During the Relevant Period, Rittenberry—the only analyst at GBL following Vivendi—calculated the PMV of Vivendi using the proprietary techniques that he learned at Gabelli & Co. Based on Rittenberry's calculation of Vivendi's PMV, during the Relevant Period, Vivendi securities were trading at a substantial discount to Vivendi's PMV per ADS. Mario Gabelli personally asked for and reviewed Rittenberry's calculation of Vivendi's PMV during the Relevant Period. Rittenberry also sent his estimation of Vivendi's PMV to Marc Gabelli, a portfolio manager at Gabelli, and Vicent Roche, a trader at Gabelli, on April 5, 2001. And Woodson relied on Rittenberry's analysis of Vivendi's PMV in his decision to purchase high-yield Vivendi bonds, from which I infer that senior management at Vivendi trusted Rittenberry's analysis. This inference is strengthened by the fact that, during the Relevant Period, Plaintiffs repeatedly used Vivendi in presentations to shareholders and actual and prospective customers as an illustration of a company whose securities traded at a substantial discount to its PMV.

See 2/18/13 Tr. (Rittenberry Direct) at 47:15–17.

See DX AU (01/11/01 print-out of Rittenberry spreadsheet calculating Vivendi's PMV).
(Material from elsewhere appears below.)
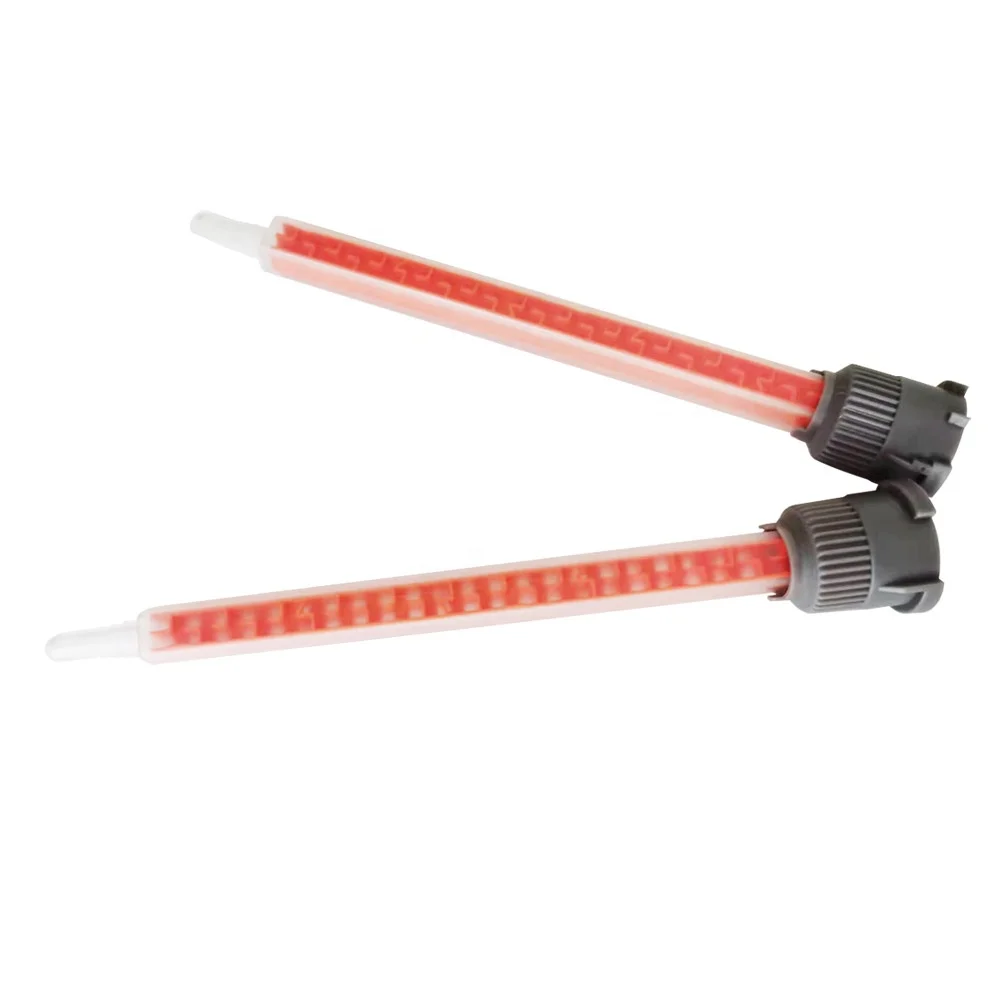 High Performance Static Mixing Tube For AB Glue Epoxy 24-Element nozzle Square Mixer Nozzle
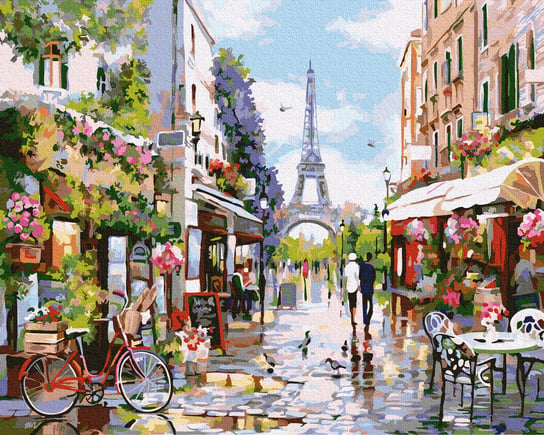 Malowanie po numerach 40x50cm "Kwitnący Paryż" / Twoje Hobby Twoje Hobby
See DX X (2001 print-out of Rittenberry spreadsheet calculating Vivendi's PMV, containing handwritten notes by Gabelli); 2/19/13 Tr. (Gabelli Redirect) at 229:19–230:2; 2/18/13 Tr. (Rittenberry Direct) at 61:2–21.

See 2/18/13 Tr. (Rittenberry Direct) at 63:2–20; DX K (4/5/01 e-mail from Rittenberry to Marc Gabelli and Vincent Roche).
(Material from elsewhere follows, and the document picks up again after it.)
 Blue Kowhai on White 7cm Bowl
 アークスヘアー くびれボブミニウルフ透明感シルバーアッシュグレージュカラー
See Woodson Dep. at 238:17–239:20.

See DX G, N, T.

Based on his calculation of Vivendi's PMV, and the spread between that PMV and the market price of Vivendi securities, Rittenberry consistently gave a “buy” or “hold” recommendation on Vivendi securities during the Relevant Period. Rittenberry was aware of the liquidity crisis at Vivendi in 2002, but, by reducing the market price for Vivendi ADS's without affecting its PMV, this crisis only strengthened Rittenberry's “buy” or “hold” recommendation. Rittenberry's “buy” or “hold” recommendation on Vivendi securities was further strengthened by his view that the liquidity problems at Vivendi were a short-term concern, which would not trouble a longer-term investor like Mario Gabelli.

See 2/18/13 Tr. (Rittenberry Direct) at 72:7–20; 83:23–24; 84:10–17.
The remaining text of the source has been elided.